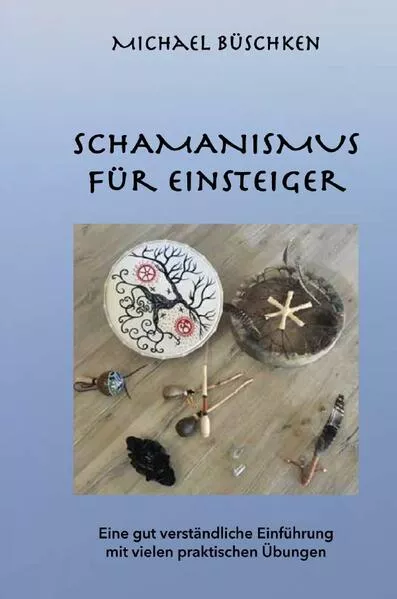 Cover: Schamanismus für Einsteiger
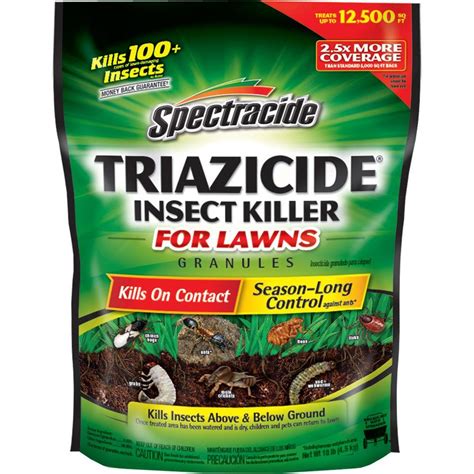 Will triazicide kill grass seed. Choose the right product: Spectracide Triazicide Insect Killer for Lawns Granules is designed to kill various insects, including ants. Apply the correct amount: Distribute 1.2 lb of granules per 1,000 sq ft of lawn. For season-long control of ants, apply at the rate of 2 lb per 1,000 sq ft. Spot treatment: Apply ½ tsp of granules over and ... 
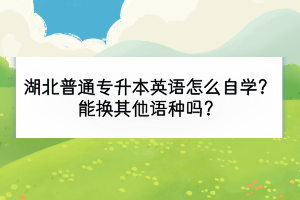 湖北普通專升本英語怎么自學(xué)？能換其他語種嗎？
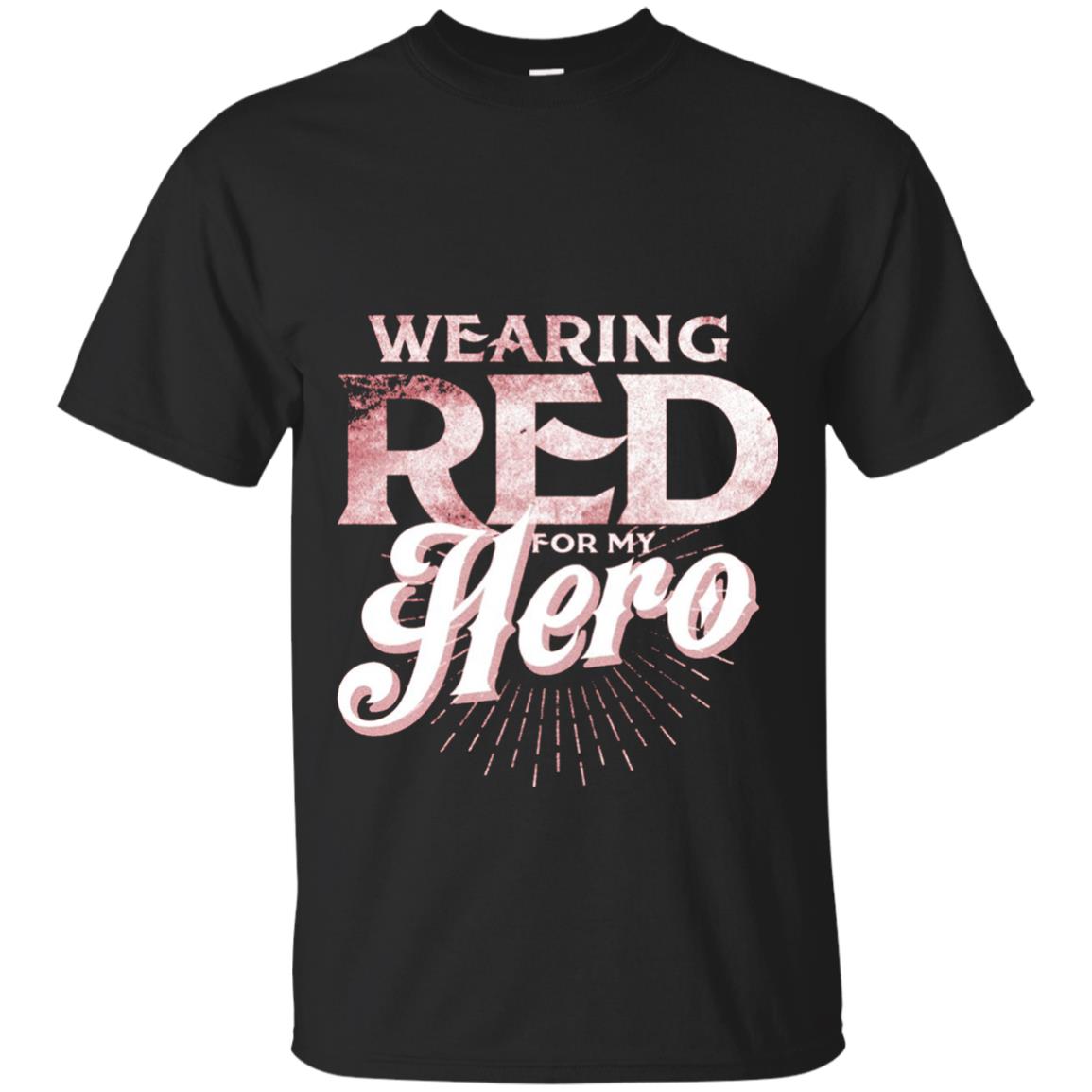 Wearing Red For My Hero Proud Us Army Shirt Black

== == ==

Copy out the whole listing word for word, except for any picture it includes.

ANSWER SECTION.
 Cover: Schamanismus für Einsteiger
 Will triazicide kill grass seed. Choose the right product: Spectracide Triazicide Insect Killer for Lawns Granules is designed to kill various insects, including ants. Apply the correct amount: Distribute 1.2 lb of granules per 1,000 sq ft of lawn. For season-long control of ants, apply at the rate of 2 lb per 1,000 sq ft. Spot treatment: Apply ½ tsp of granules over and ... 
 湖北普通專升本英語怎么自學(xué)？能換其他語種嗎？
 Wearing Red For My Hero Proud Us Army Shirt Black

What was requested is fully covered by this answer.